There’s a bake sale today so I made some oat cookies last night using bananas, pecans, roasted hazelnuts and some cocoa powder (~91 calories each). We’ll see if anyone wants them as they’re not going to be as sweet as they would probably expect. Any left over can go for free anyway, it’s not important. 🙂
Feeding phase: Broke the fast around 12:30pm with some tomato soup followed by a tuna nicoise salad and some coffee. I kept it light today as I was due to go out in the evening and therefore would not be working out. As it turned out, I did work out so I ate a fair bit post-workout.
It was a good workout – I got 2 sets of 10 single-leg assisted squats (uneven squats) and I moved up to ‘hanging frog raises’ as well. I got some good bench pressing in too and I think I’ll move up next time I do it. So, in summary – still getting those gains.
I made a nice big salad afterwards with avocado, smoked cheddar, bean sprouts and a yoghurt mustard dressing. I put some cous cous with it to get in some post-workout carbs but still it wasn’t enough so I had a massive sexy fruit salad with oat biscuits and a nutty oatmeal bar chopped up in it. I followed that with an apple & blueberry scone with jam.

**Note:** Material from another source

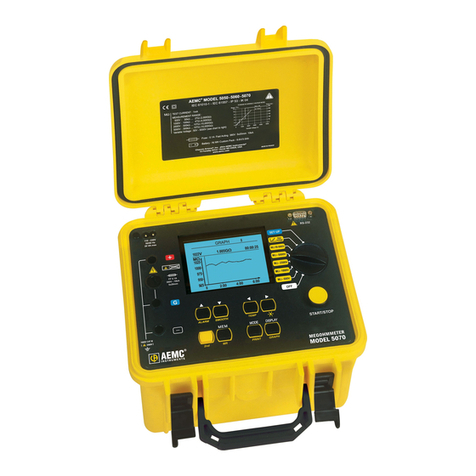 AEMC instruments 5070 user manual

So nice to be able to eat all that and still be sticking to a diet plan!
Fasting phase, evening: Started the fast roughly at 10pm after having all that lovely food so feeling pretty satiated now and will head to bed.

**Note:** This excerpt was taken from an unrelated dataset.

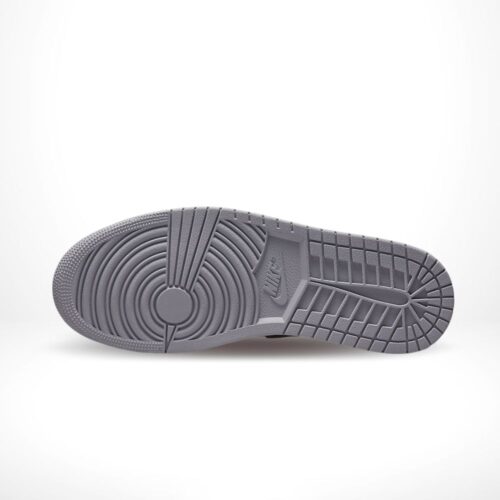 Bottom view of the Air Jordan 1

Overall, a good day and I’m glad I didn’t go out as I got a great workout in and some really nutritious tasty food. Tomorrow will likely be a rest day and I have some of the salad leftover, which I can have when I get home before doing some study.
I’m still considering leangains and trying to see how much protein I can feasibly get into a day but it’s hard with a mostly veggie diet. Today I had tuna for lunch, a very nutritious salad and Greek yoghurt but still only 84g protein. Probably on rest days I could go for lots of meat to keep the carbs down and the protein up and on workout days I could go for protein rich veggie food as I need the carbs then anyway. Hmmm… will work this one out yet.
Stats: 1982 calories, 230g carbs, 84g fat, 84g protein. Activity level: Moderate.